* [What the task asks]:
Please print the listing that follows word for word, but skip any pictures it holds.

* [Recorded data]:

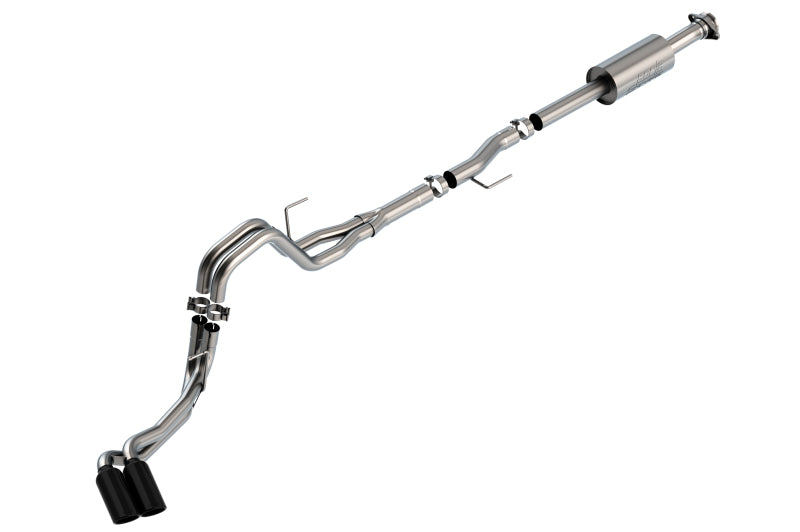 Borla F-150 2021 2.7L/3.5L 4dr CC SB EC STB Lar/KingR/Plnm/LTD 3/2.25 DSE CB S-Type BLK CHR Tips 140871BC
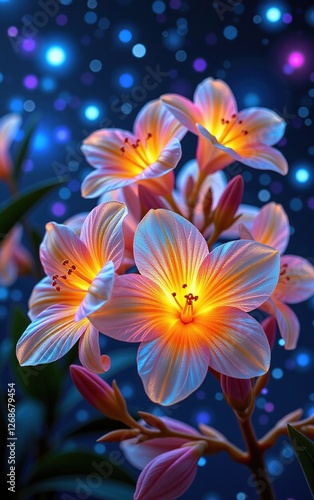 A stunning close-up of vibrant, glowing flowers in full bloom, illuminated with soft golden light.
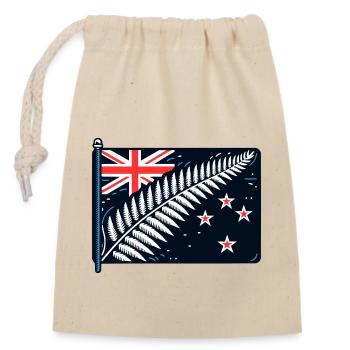 New Zealand Aotearoa Kiwi 10 - Closable cotton gift bag (14x20cm) - nature - Front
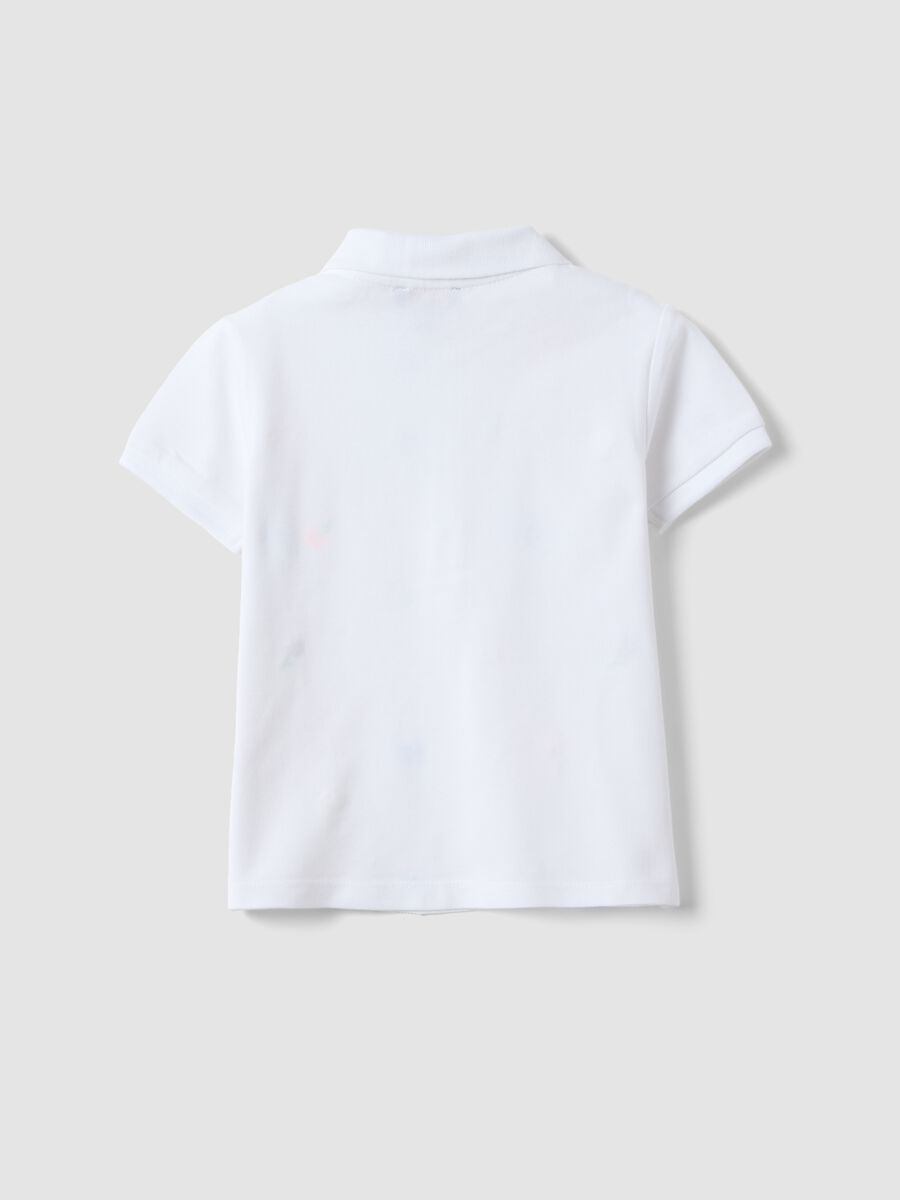 Girls' white pure cotton polo regular fit with embroidered flowers_4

* [Result for this task]:
 Borla F-150 2021 2.7L/3.5L 4dr CC SB EC STB Lar/KingR/Plnm/LTD 3/2.25 DSE CB S-Type BLK CHR Tips 140871BC
 A stunning close-up of vibrant, glowing flowers in full bloom, illuminated with soft golden light.
 New Zealand Aotearoa Kiwi 10 - Closable cotton gift bag (14x20cm) - nature - Front
 Girls' white pure cotton polo regular fit with embroidered flowers_4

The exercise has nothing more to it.